[DATA]
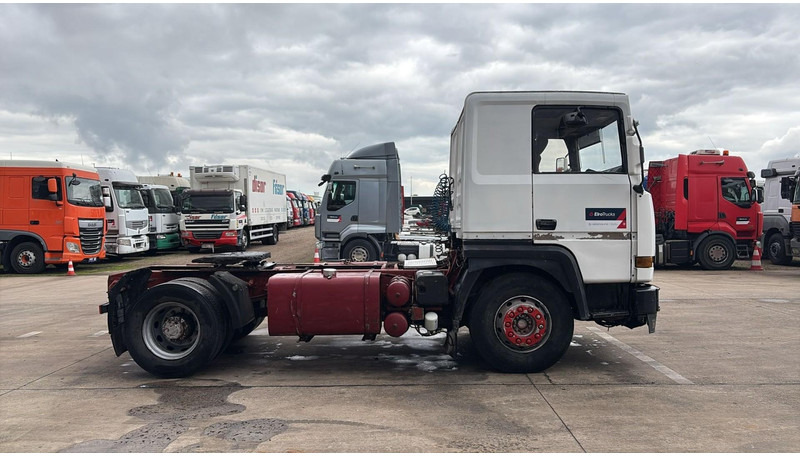 Renault R 385 Major (2 CULASSE / LAMES / GRAND PONT / STEEL SUSP. / MANUAL PUMP / POMPE MANUELLE) - Tracteur routier: photos 3 Renault R 385 Major (2 CULASSE / LAMES / GRAND PONT / STEEL SUSP. / MANUAL PUMP / POMPE MANUELLE) - Tracteur routier: photos 3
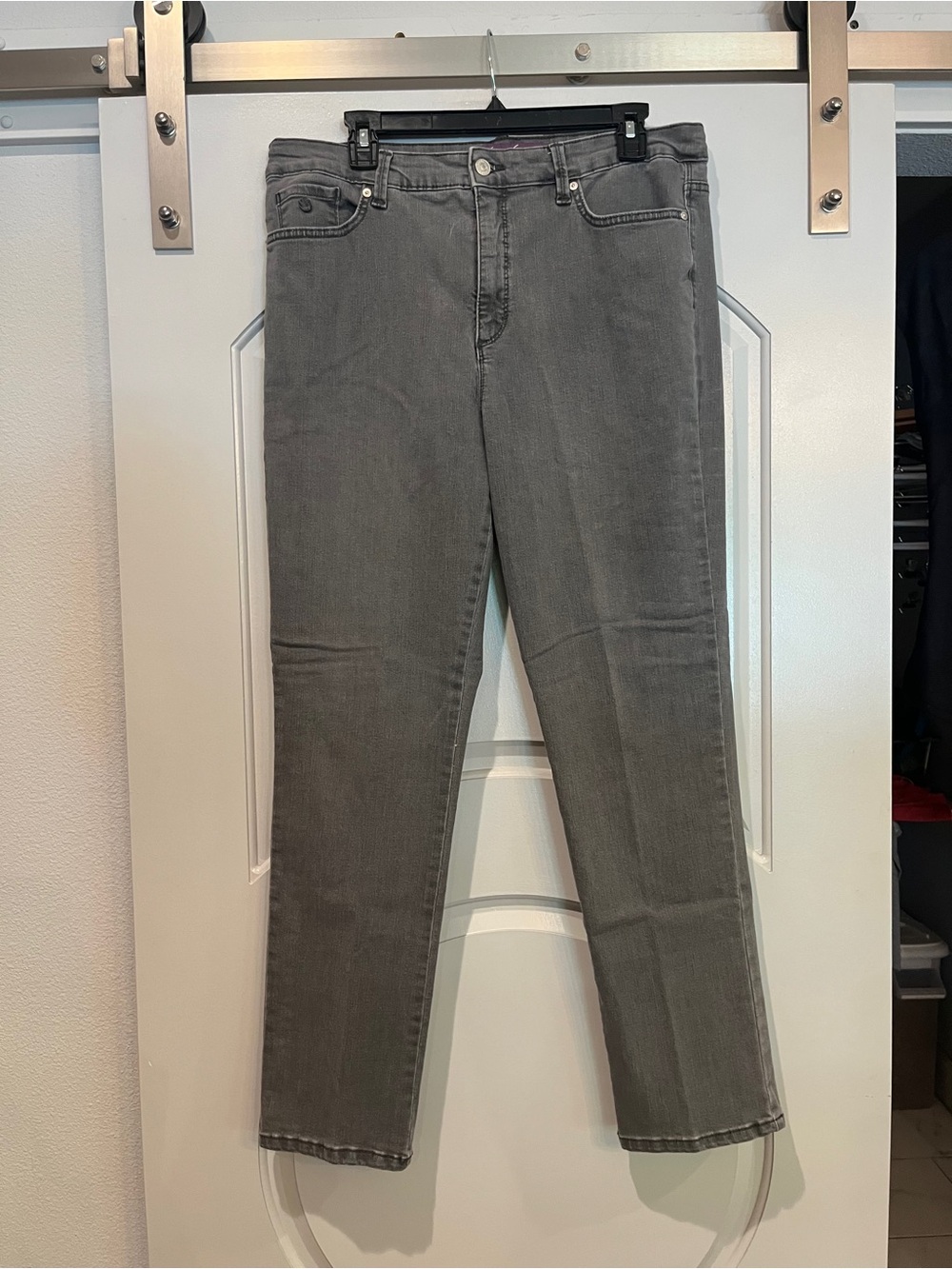 Gloria Vanderbilt Amanda 2.0 Gray Straight Leg slim Jeans. GUC!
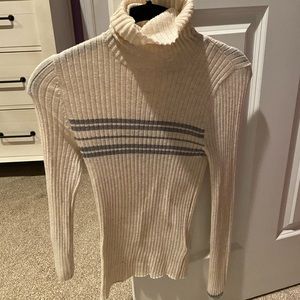 Super cute long sleeve turtle neck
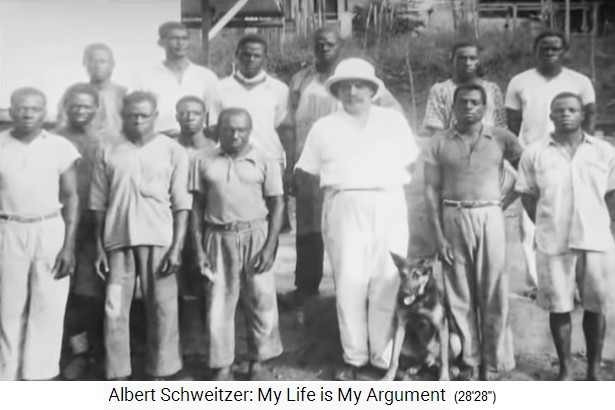 Spitaldorf Lambarene:
                    Albert Schweitzer mit schwarzen Angestellten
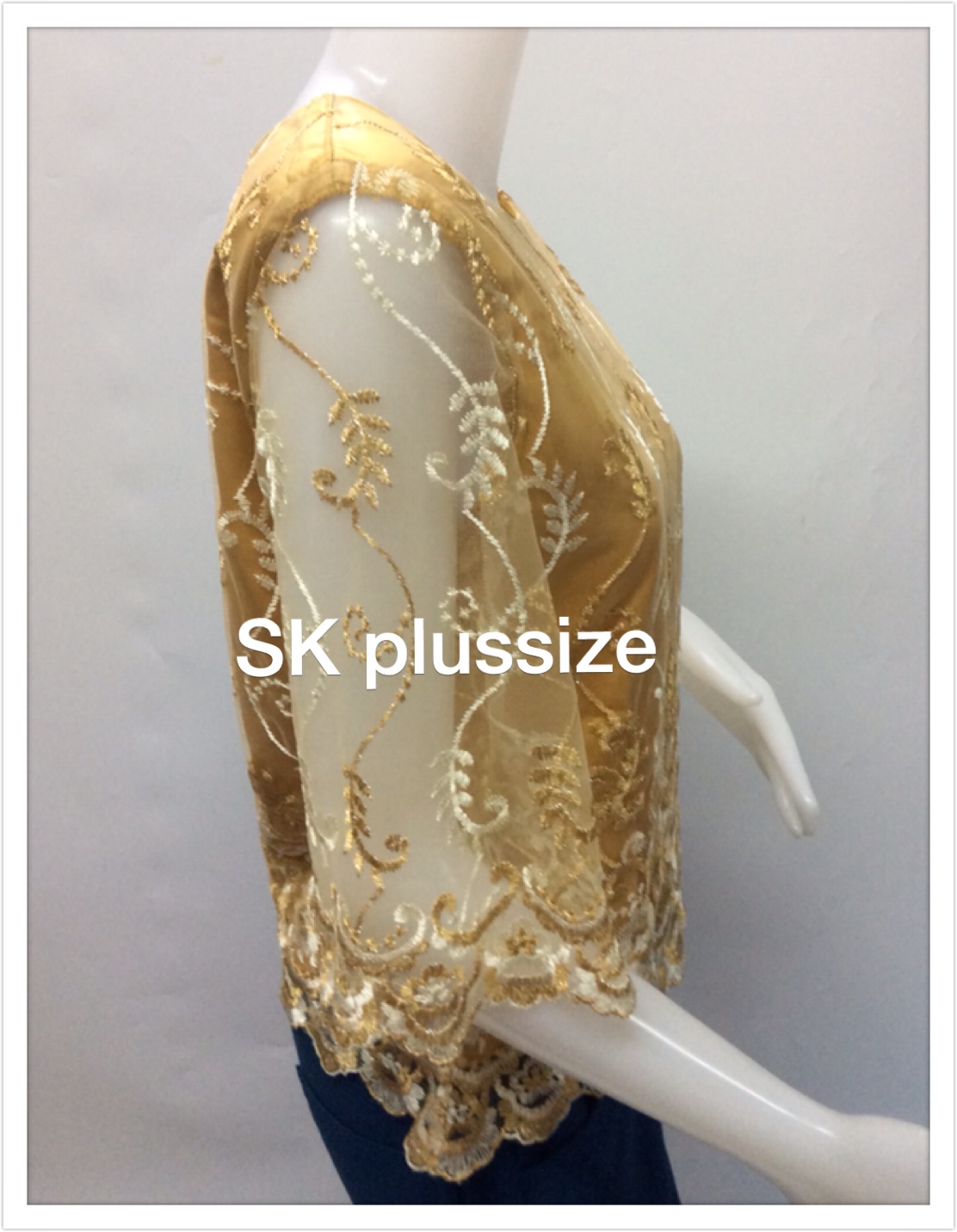 เสื้อลูกไม้บุหงา สีทอง คอปาด แขน 3 ส่วน รอบอก 36 นิ้ว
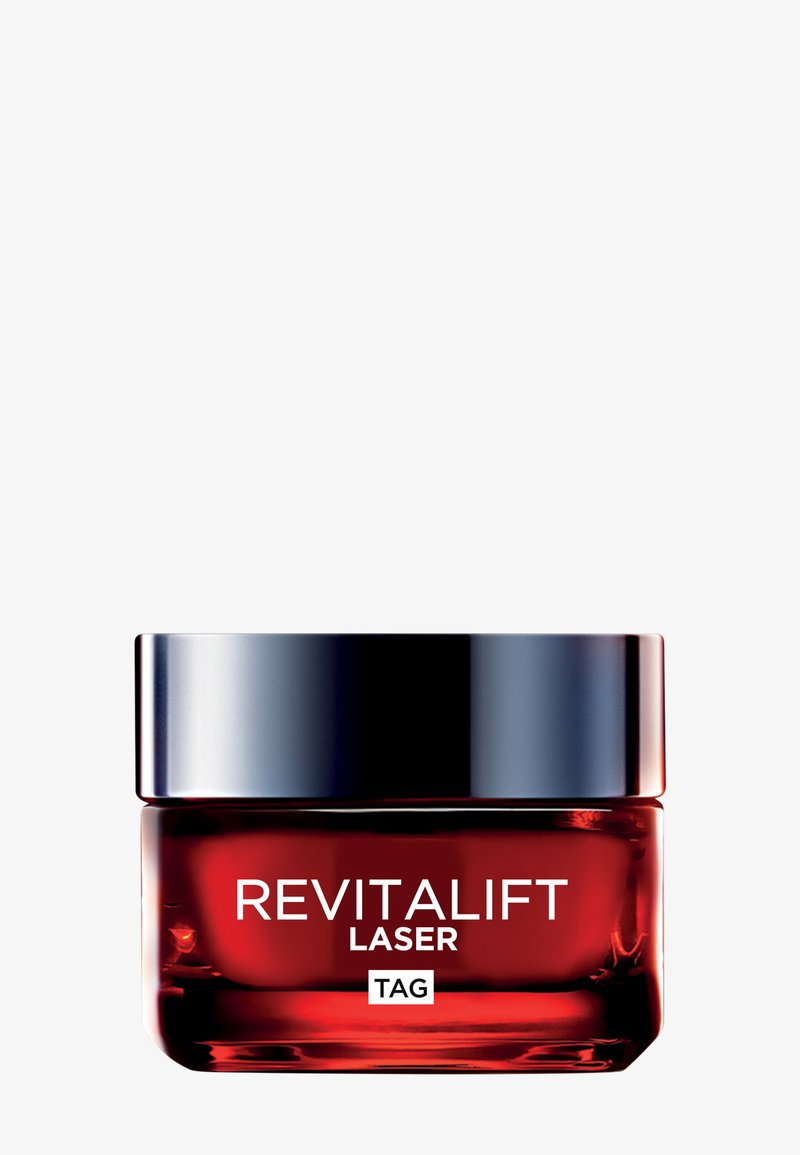 Revitalift Laser crème pot, glanzend rode glas, zilveren metalen deksel, vierkante vorm, gedurfde witte tekstlabel aan de voorkant, minimalistisch ontwerp.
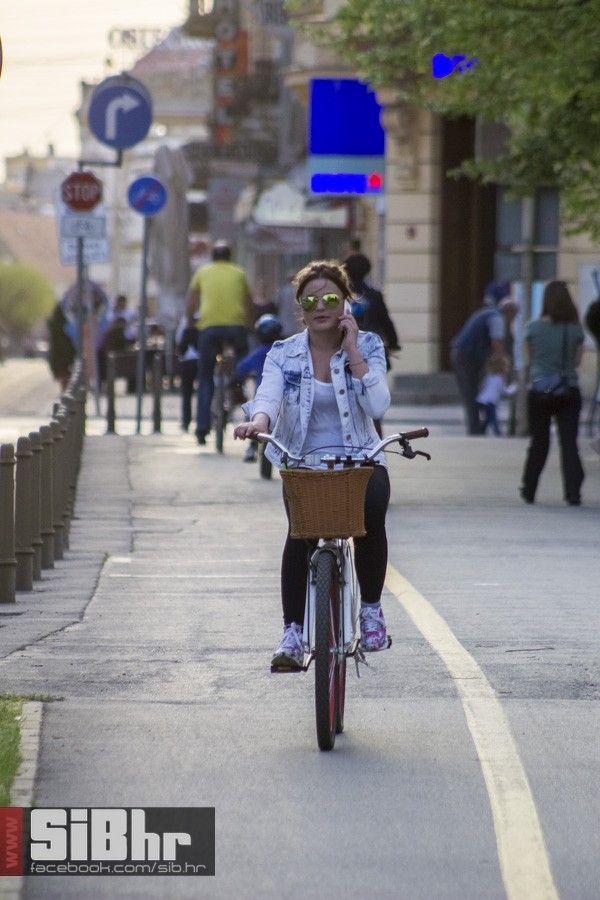 osjecani_u_setnji_gradom_107 osjecani_u_setnji_gradom_107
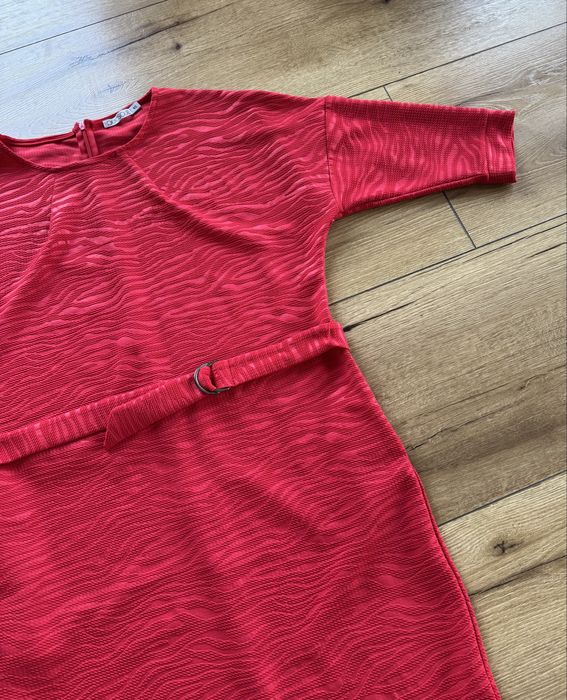 Sukienka czerwona nowa
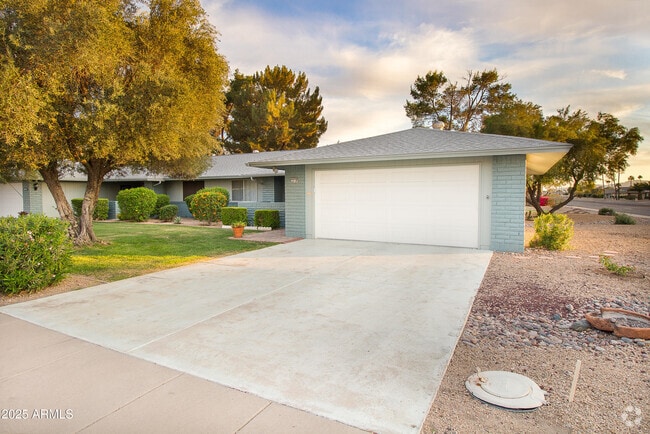 Building Photo - 12739 W Prospect Dr Rental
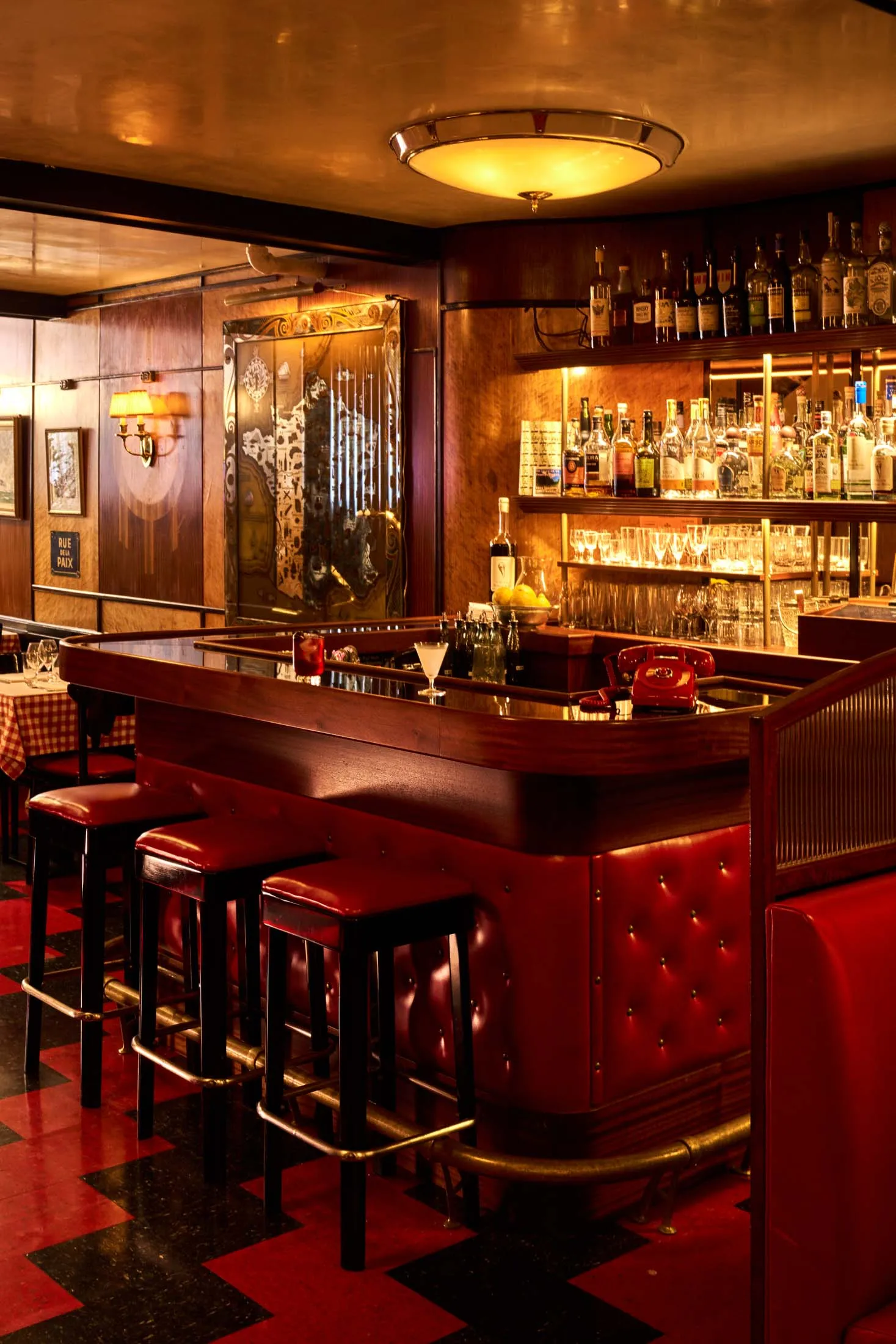 The bar at the reborn Le Veau d’Or bistro on Manhattan’s Upper East Side.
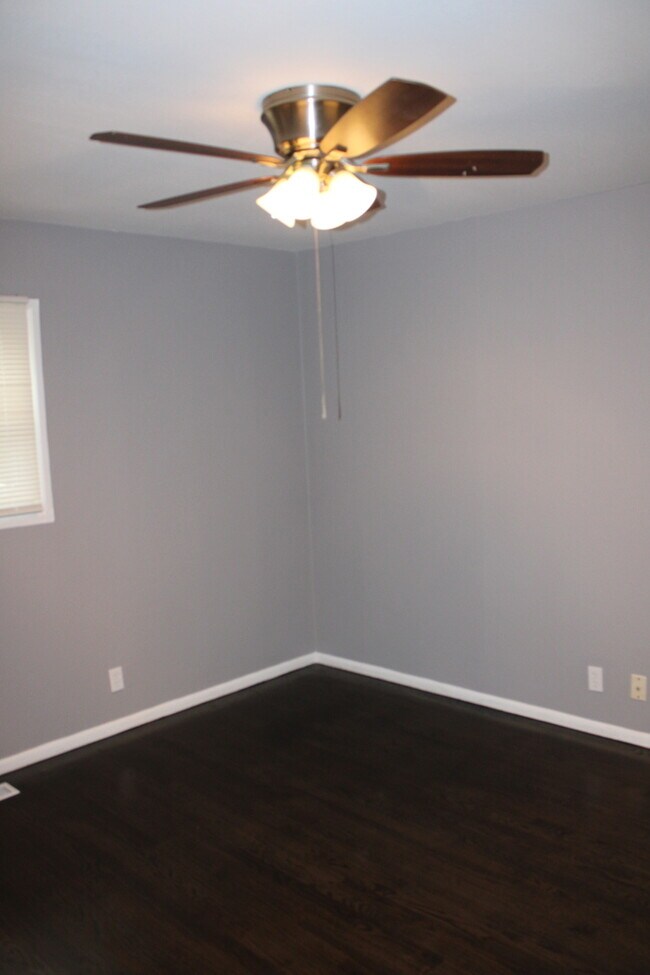 Building Photo - Spacious 4-bedroom, 1.5-bath home located ...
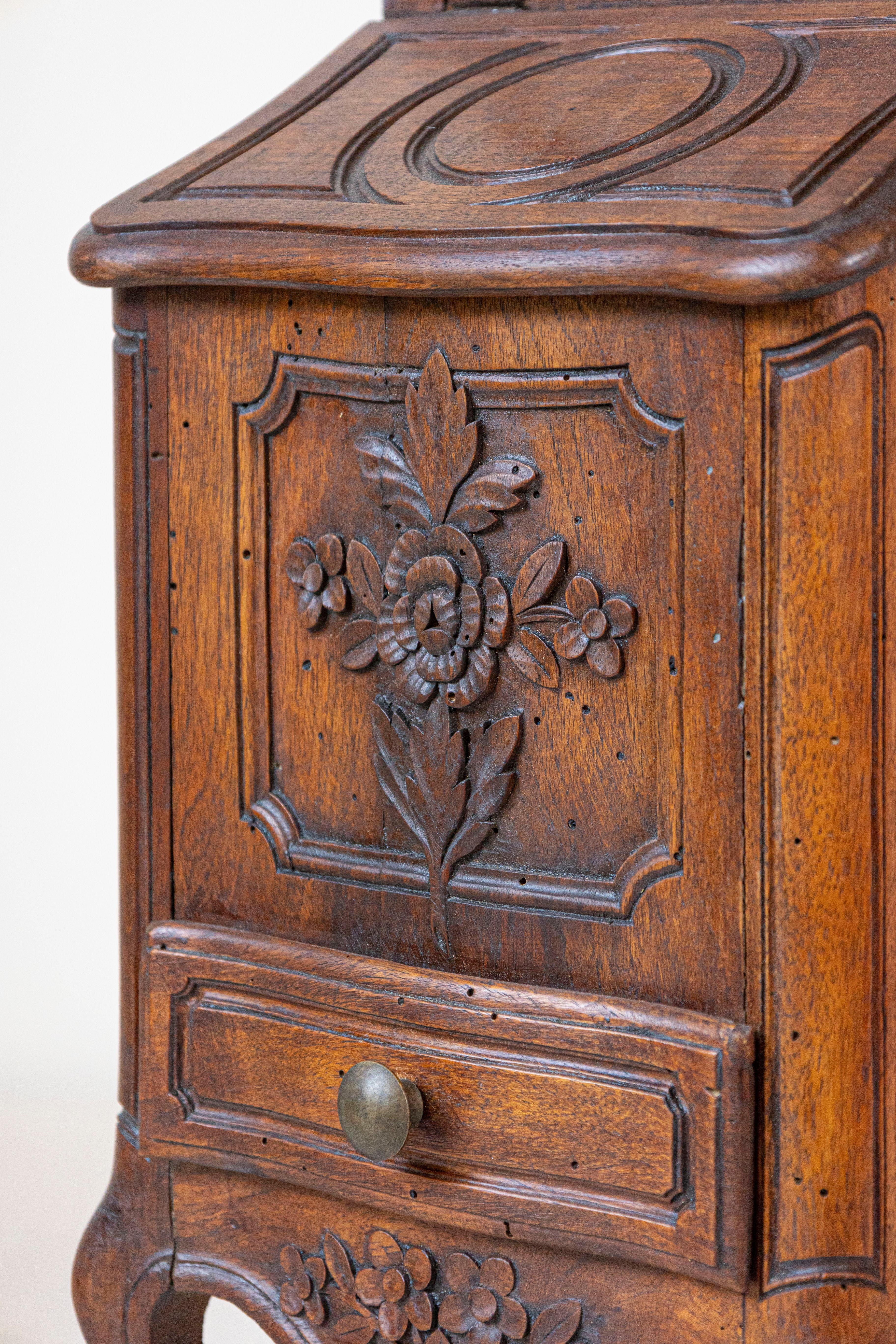 Louis XV Style French Farinerio Flour Box with Carved Floral Décor For Sale 3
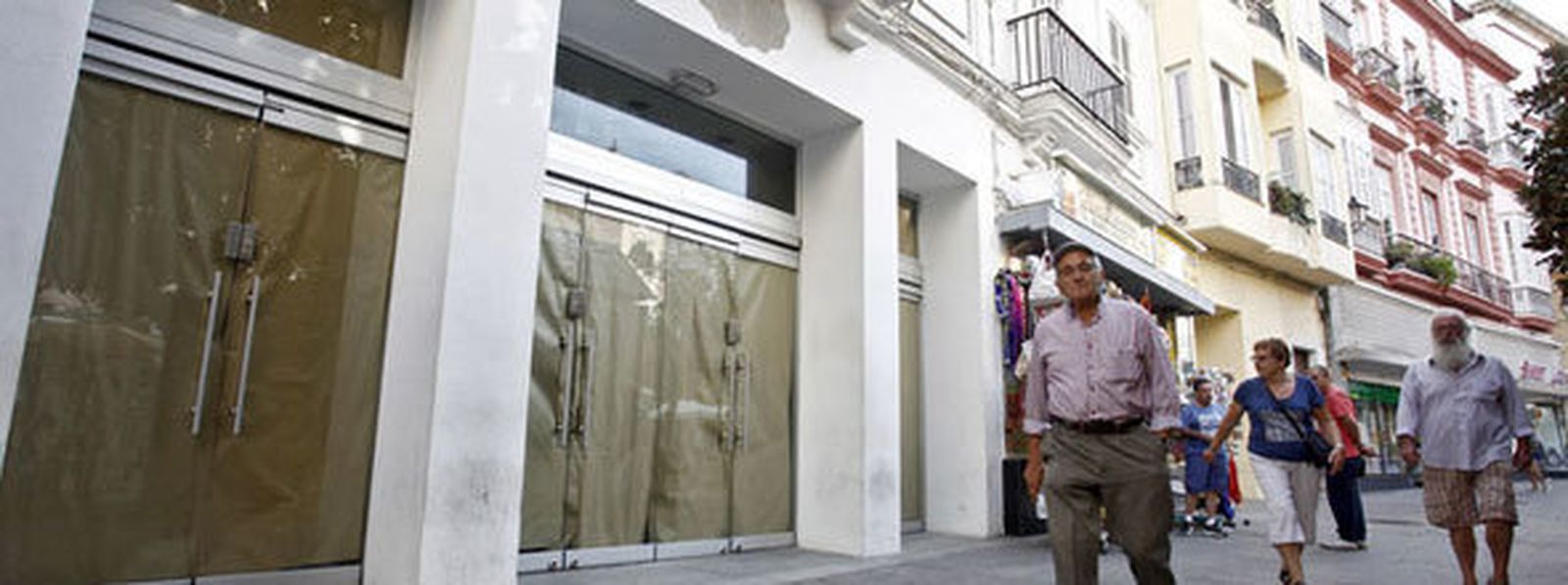 El local que interesa a la firma Decathlon permanece cerrado desde finales del pasado mes de agosto. / JESÚS MARÍN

[YOUR GOAL] The span to retype runs from the line containing "osjecani_u_setnji_gradom_107 osjecani_u_setnji_gradom_107" through the last line of the listing above, both ends included; copy it exactly, without pictures.

[ANSWER SECTION]
 osjecani_u_setnji_gradom_107 osjecani_u_setnji_gradom_107
 Sukienka czerwona nowa
 Building Photo - 12739 W Prospect Dr Rental
 The bar at the reborn Le Veau d’Or bistro on Manhattan’s Upper East Side.
 Building Photo - Spacious 4-bedroom, 1.5-bath home located ...
 Louis XV Style French Farinerio Flour Box with Carved Floral Décor For Sale 3
 El local que interesa a la firma Decathlon permanece cerrado desde finales del pasado mes de agosto. / JESÚS MARÍN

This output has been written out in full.